Lets say I have arrays a
and b
a = np.array([1,2,3])
b = np.array(['red','red','red'])
If I were to apply some fancy indexing like this to these arrays
b[a<3]="blue"
the output I get is
array(['blu', 'blu', 'red'], dtype='<U3')
I understand that the issue is because of numpy initially allocating space only for 3 characters at first hence it cant fit the whole word blue into the array, what work around can I use?
Currently I am doing
b = np.array([" "*100 for i in range(3)])
b[a>2] = "red"
b[a<3] = "blue"
but it's just a work around, is this a fault in my code?

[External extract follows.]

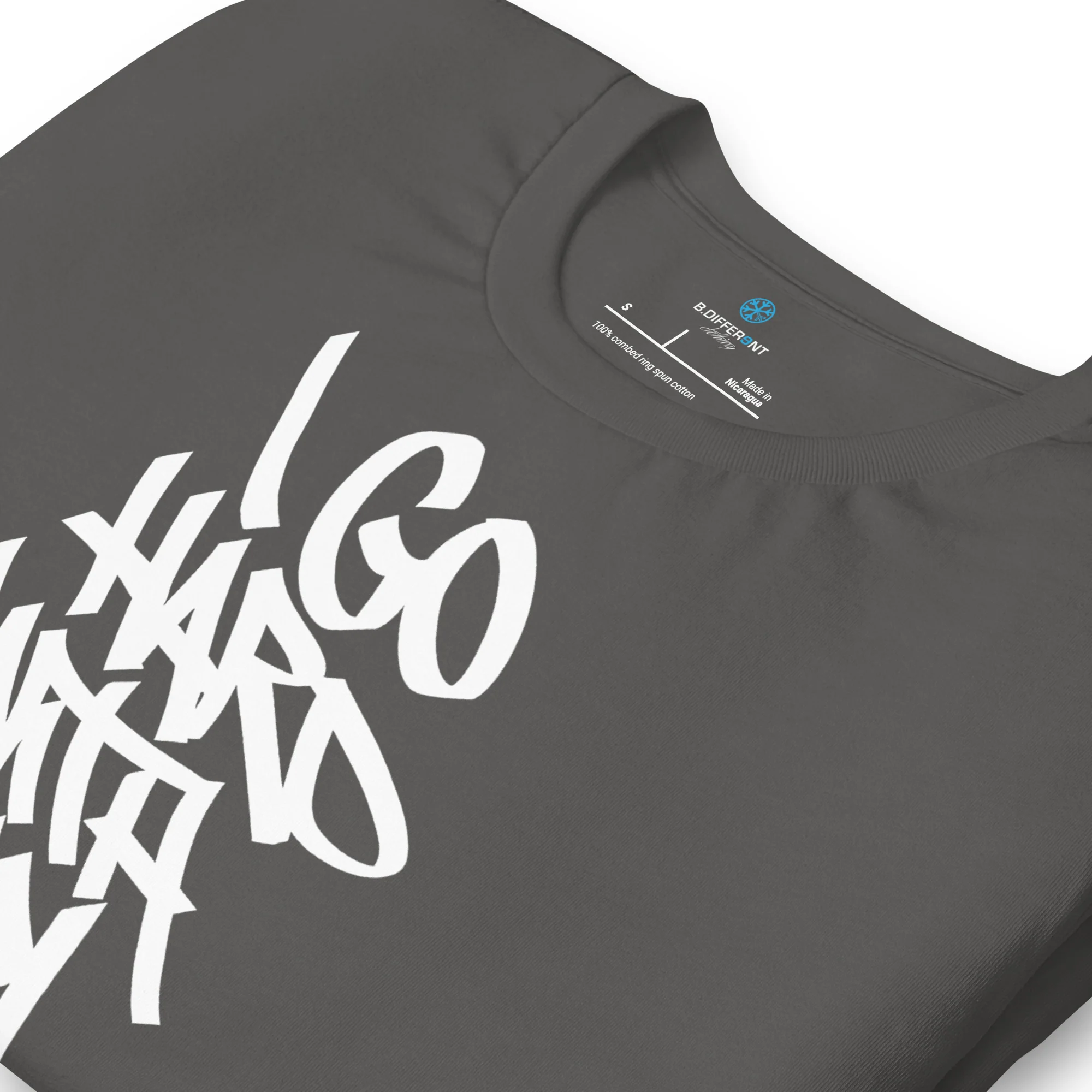 I Go Hard With My Paint Graffiti Tee - Image 42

Or is it some issue with numpy, how can I fix this?
You can handle variable length strings by setting the dtype
of b
to be "object"
:
import numpy as np
a = np.array([1,2,3])
b = np.array(['red','red','red'], dtype="object")
b[a<3] = "blue"
print(b)
this outputs:
['blue' 'blue' 'red']
This dtype
will handle strings, or other general Python objects. This also necessarily means that under the hood you'll have a numpy
array of pointers, so don't expect the performance you get when using a primitive datatype.

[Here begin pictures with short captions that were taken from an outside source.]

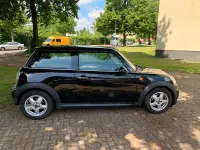Gebraucht Mini Cooper 122 PS (89 kW) 2010 Schwarz Kleinwagen
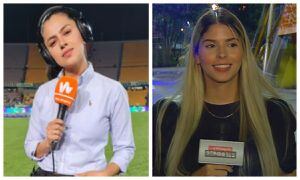 Sheyla García y Maria Camila Vergara fueron agredudas por hinchas de Nacional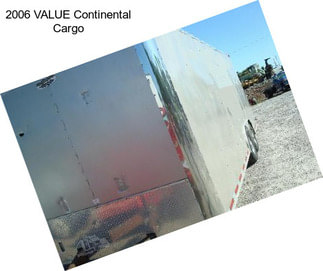 2006 VALUE Continental Cargo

A marginal improvement on your current approach (which is potentially very wasteful in space):
import numpy as np
a = np.array([1,2,3])
b = np.array(['red','red','red'])
replacement = "blue"
b = b.astype('<U{}'.format(max(len(replacement), a.dtype.itemsize)))
b[a<3] = replacement
print(b)
This accounts for strings already in the array, so the allocated space only increases if the replacement
is longer than all existing strings in the array.

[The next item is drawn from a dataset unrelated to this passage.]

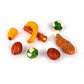 malt-inspired NUTS Bar Mix with Wasabi - Pretzels, Cheese Stix, Sesame Stix & Wasabi Peas - 32oz Resealable Bag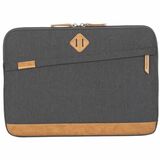 Targus Strata III TBS93004GL Carrying Case (Sleeve) for 14" Notebook - Gray, Brown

If you construct such array, the type looks like:
>>> b
array(['red', 'red', 'red'], dtype='<U3')
This means that the strings have a length of at most 3 characters. In case you assign longer strings, these strings are truncated.
You can change the data type to make the maximum length longer, for example:
b2 = b.astype('<U10')
So now we have an array that can store strings up to 10 characters. Note however that if you make the maximum length larger, the size of the matrix will increase.